I wrote the article, and a summary of it appears below (not
copyrighted), but much more is communicated by the article itself.

Best wishes, Dan Shanefield, Princeton, NJ, retired sci. prof.,
Rutgers U.
http://homepage.mac.com/shanefield/Resume1.html

------------------------------------------------------------
Easy Demo of EMFs by Dan Shanefield

(This is an uncopyrighted summary of my article in Nuts & Volts
magazine, Feb. 2004,page 40 --- see
http://www.nutsvolts.com/toc_Pages/feb04toc.htm .)
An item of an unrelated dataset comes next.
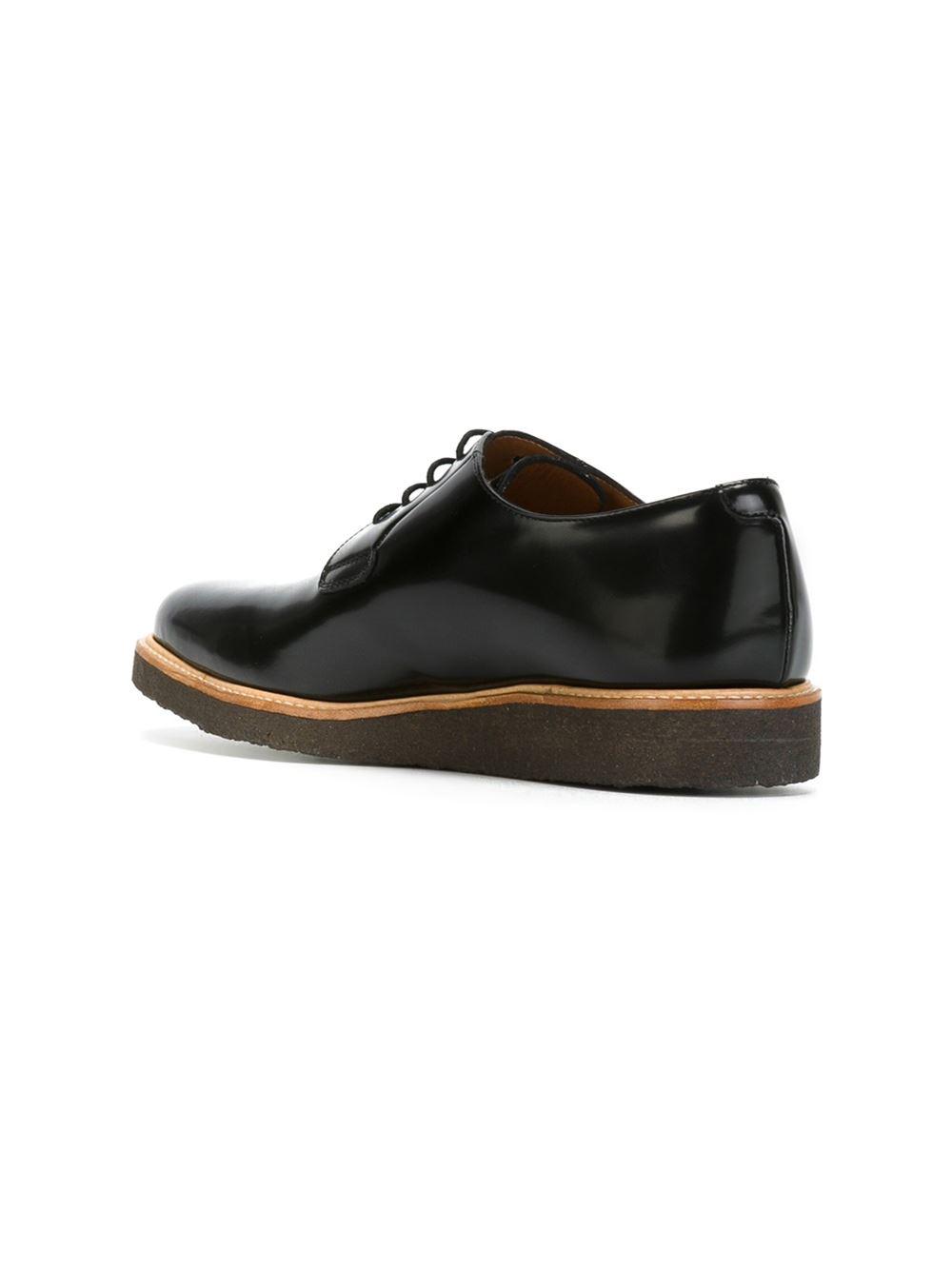 Common Projects Leather �1859 Shine� Derby Shoes in Black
With cell phones, wi-fi, and microwave heating becoming
commonplace, the electromagnetic fields ("EMFs") going through all of
us are beginning to get scary. You can see for yourself by doing an
easy experiment. Just run a 15 foot wire (an extension cord will do)
out along the floor of your building. This will be your antenna.
Outside, pound a metal rod (a curtain rod will do) into the ground,
and run a wire from that in through an open window (thin enameled
magnet wire will do). Now hook up a voltmeter with a high input
impedance (any modern digital multimeter will do) to measure the
voltage between one end of your antenna wire and the grounding rod.
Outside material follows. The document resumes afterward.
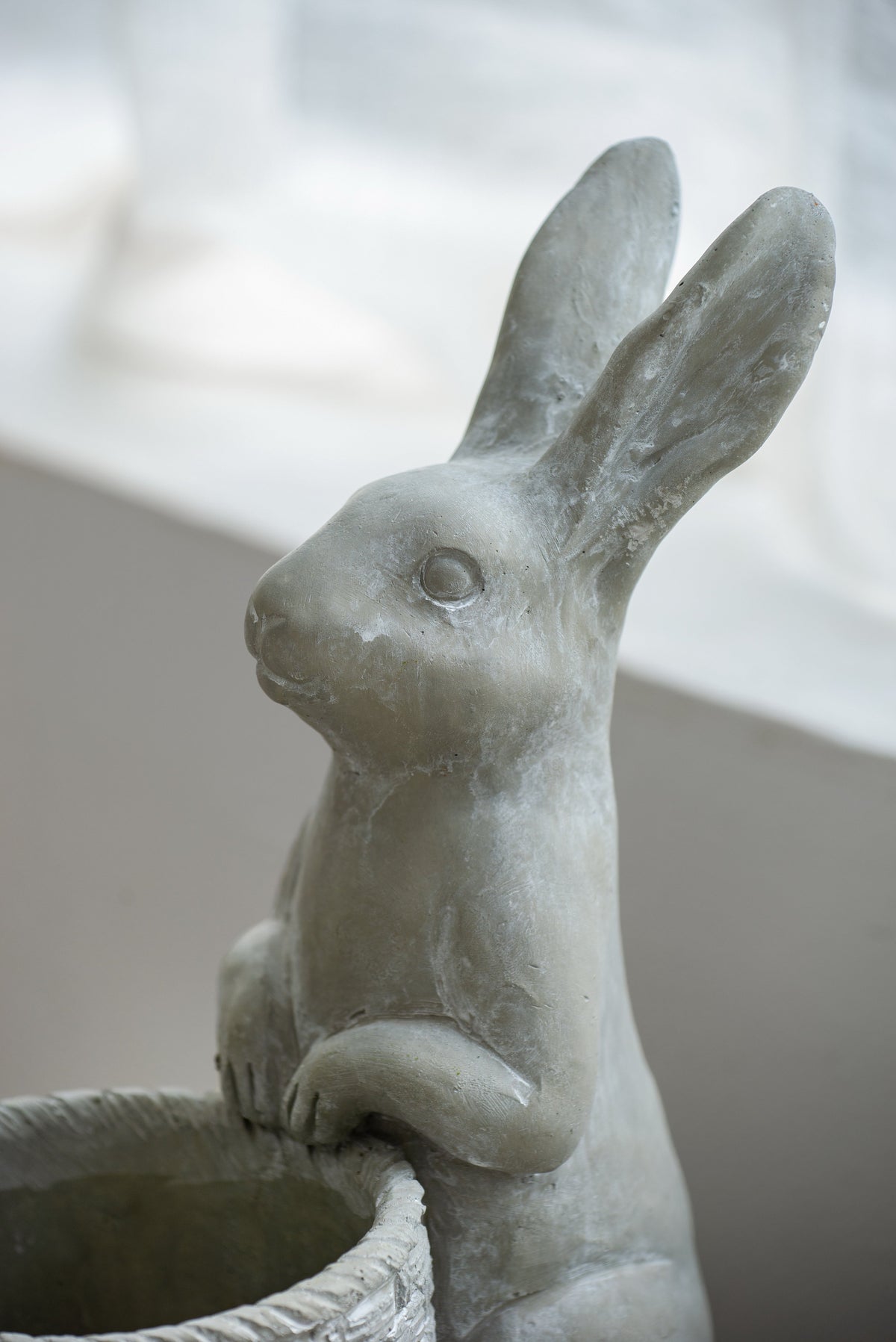Decorative Standing Rabbit Planter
You are probably expecting to see a few microvolts, as I was. But
I saw 3 volts of ac. (On an oscilloscope, it's mostly 60 and 120 Hz
noise, but with lots of higher frequency "hash" riding on top of it.)
Putting the antenna outside in the back yard, horizontally draped over
beach chairs, I only got about 100 millivolts, but near a telephone
pole and power line in the front yard, there was at least a whole
volt.

Putting a rectifier diode in series, I charged up a 1,000 mfd
capacitor with that dc for about an hour, inside my house. It got up
to 5 volts, so I attached a tiny tungsten incandescent bulb that will
run on as little as 25 ma (Radio Shack cat. no. 272-1139). It flashed
briefly but quite visibly.

(Note: there are lots more easy experiments and explanations in the
Nuts & Volts article.)

Other writers have also worried about the increasing EMFs, and bad
interference with computers and TVs has been reported --- see for
example, the item in PC Magazine, visible at
http://www.pcmag.com/article2/0,4149,1382851,00.asp ,
especially the second and third paragraphs.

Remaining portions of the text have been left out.